Riminszky fühlt sich hin und her gerissen zwischen seinem schlechten Gewissen Elisabeth gegenüber und seiner Verliebtheit in Antschurka. Die Liebe siegt und der Hochzeitstag wird anberaumt.
Irgendwie fühlt er sich aber die ganze Zeit beobachtet und verfolgt, bis es am Tag vor der Hochzeit zu einer folgenschweren Begegnung mit Elisabeth kommt, die als mittelalterliche scharlachrote Gestalt in einer Schenke hinter ihm steht. Sie ist gekommen, um nun mit ihm abzurechnen.
Sie erzählt, dass sie damals Kavaczky zum Selbstmord gedrängt habe (oder war es Giftmord?), als Sühne für den Tod ihres Geliebten. Nun sei er, Riminszky an der Reihe. Am nächsten Morgen findet man ihn tot in seiner Kutsche.

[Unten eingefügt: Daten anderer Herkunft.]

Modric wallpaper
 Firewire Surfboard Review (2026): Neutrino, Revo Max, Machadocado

Von diesem Tag an sieht man immer wieder eine scharlachrote Gestalt auftauchen, zuweilen hört man aus der Burg Harfenklänge – obwohl die Burg doch längst leer und verlassen ist.

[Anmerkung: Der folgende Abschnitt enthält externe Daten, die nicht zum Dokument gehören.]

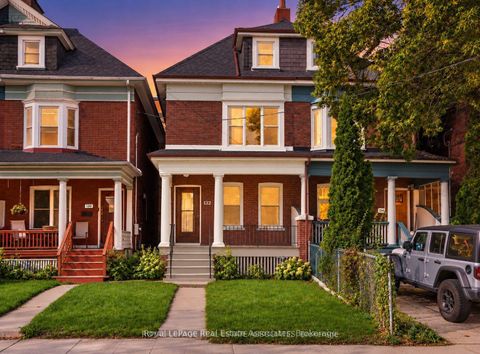 Photo 1 at 132 Close Avenue, South Parkdale, Toronto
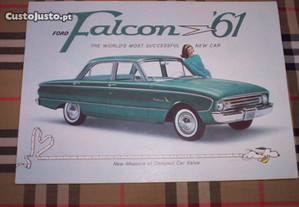 Ford Falcon - 1961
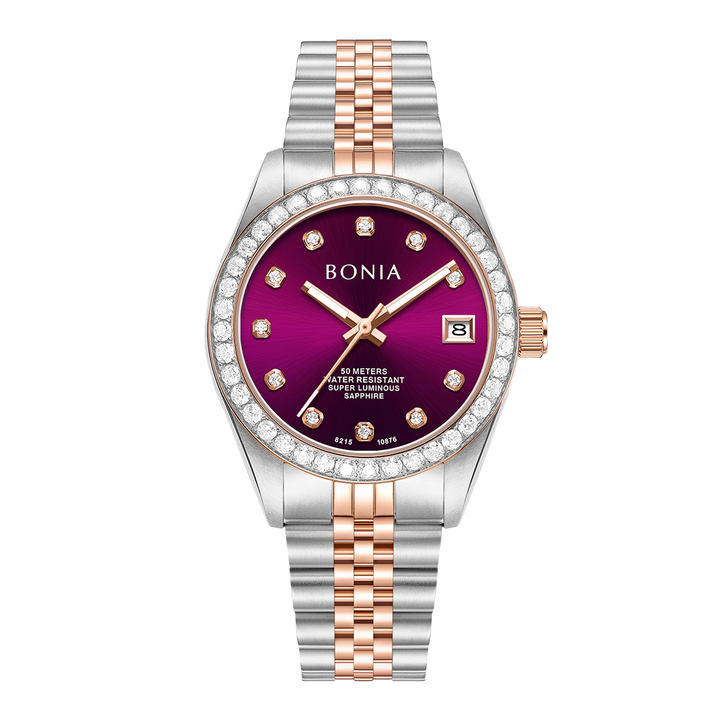 Bonia Women Elegance Automatic BNB10876-2667S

In Topperz, Antschurkas Heimatdorf taucht aber doch, denn die Geschichte muss ja einen guten Schluss haben, der verschollene Vater Prihoda auf, der seine Tochter nun mit auf eine Weltreise nimmt. Bald schon erfahren die Dorfbewohner, dass sie an der Riviera einen jungen Herrn aus Lublau, Gábor Angyalffy, geheiratet hat. Der Erzähler weiß, dass sie glücklich mit ihrem Mann in einer großen Kinderschar lebt. Immer wieder wird allerdings ein rotes Gespenst gesehen und die Legende behauptet, dass dieses niemand anderer als Elisabeth Warth sei – obwohl die doch längst gestorben ist. „Wer kennt sich aber schon bei Legenden aus“? fragt der Autor am Ende.